As a military officer, Jackson also led an invasion of Spanish Florida to destroy the "Negro Fort," where former slaves had settled.

Five days after his inauguration, Trump displayed Jackson's portrait prominently in the Oval Office, drawing inspiration from the former army commander, who was famed for his success in battle against the British and seen as a "man of the people."

Trump's advisor Stephen Bannon also praised Trump's inaugural address as "very Jacksonian." 

Last week, Trump laid a wreath by Jackson's tomb at his former Tennessee plantation, marking the 250th anniversary of his birth. Trump praised the "very great" Jackson for taking on "an arrogant elite."

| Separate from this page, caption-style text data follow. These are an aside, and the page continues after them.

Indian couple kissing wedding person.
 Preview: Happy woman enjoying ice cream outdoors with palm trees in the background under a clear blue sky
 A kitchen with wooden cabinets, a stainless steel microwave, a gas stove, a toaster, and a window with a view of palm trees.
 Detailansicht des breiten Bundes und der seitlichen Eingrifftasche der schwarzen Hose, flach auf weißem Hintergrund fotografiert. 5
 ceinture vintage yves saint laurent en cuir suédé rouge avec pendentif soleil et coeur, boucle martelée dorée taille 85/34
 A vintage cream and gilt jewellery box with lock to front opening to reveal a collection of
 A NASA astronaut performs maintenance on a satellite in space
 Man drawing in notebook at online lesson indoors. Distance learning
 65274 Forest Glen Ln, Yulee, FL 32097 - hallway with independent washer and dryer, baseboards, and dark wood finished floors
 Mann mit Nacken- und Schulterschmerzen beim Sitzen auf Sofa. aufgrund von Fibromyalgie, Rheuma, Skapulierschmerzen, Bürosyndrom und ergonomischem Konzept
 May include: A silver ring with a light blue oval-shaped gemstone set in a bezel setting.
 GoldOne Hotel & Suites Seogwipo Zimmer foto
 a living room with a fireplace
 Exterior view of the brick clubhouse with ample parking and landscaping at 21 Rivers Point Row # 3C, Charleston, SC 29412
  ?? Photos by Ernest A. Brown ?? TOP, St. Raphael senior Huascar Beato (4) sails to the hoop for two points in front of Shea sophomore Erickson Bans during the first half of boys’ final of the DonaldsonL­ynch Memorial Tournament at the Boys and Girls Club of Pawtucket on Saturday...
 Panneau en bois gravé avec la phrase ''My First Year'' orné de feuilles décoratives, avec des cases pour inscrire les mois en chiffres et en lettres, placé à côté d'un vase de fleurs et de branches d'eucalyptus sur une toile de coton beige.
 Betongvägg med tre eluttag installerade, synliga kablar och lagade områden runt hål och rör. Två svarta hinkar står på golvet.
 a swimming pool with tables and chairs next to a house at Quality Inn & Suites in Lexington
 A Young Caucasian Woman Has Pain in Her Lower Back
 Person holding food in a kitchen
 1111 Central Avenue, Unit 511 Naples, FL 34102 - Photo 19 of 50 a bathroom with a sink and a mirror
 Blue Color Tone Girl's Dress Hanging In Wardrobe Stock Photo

"Does that sound familiar to you?" Trump asked.

When Tubman's selection was announced during his campaign, Trump panned the choice as "purely politically correct," and said Tubman's picture would be better placed on the $2 bill, which is hardly used.

The Treasury Department declined to comment.

Before his departure, former Treasury secretary Jack Lew considered unveiling the new bill's design publicly to help make the change irreversible. But this was nixed to avoid encouraging counterfeiters.

Instead, in January and during Trump's inaugural ceremonies, the Treasury, which is located next to the White House, displayed portraits of the heroes emblazoned on banknotes, George Washington ($1 bill), Abraham Lincoln ($5 bill), Alexander Hamilton (the first Treasury secretary who appears on the $10 bill) and Harriet Tubman, slated to appear on the $20 bill.

Treasury Secretary Steven Mnuchin on Friday joked that Trump himself should appear on the $1,000 bill, which is no longer in circulation.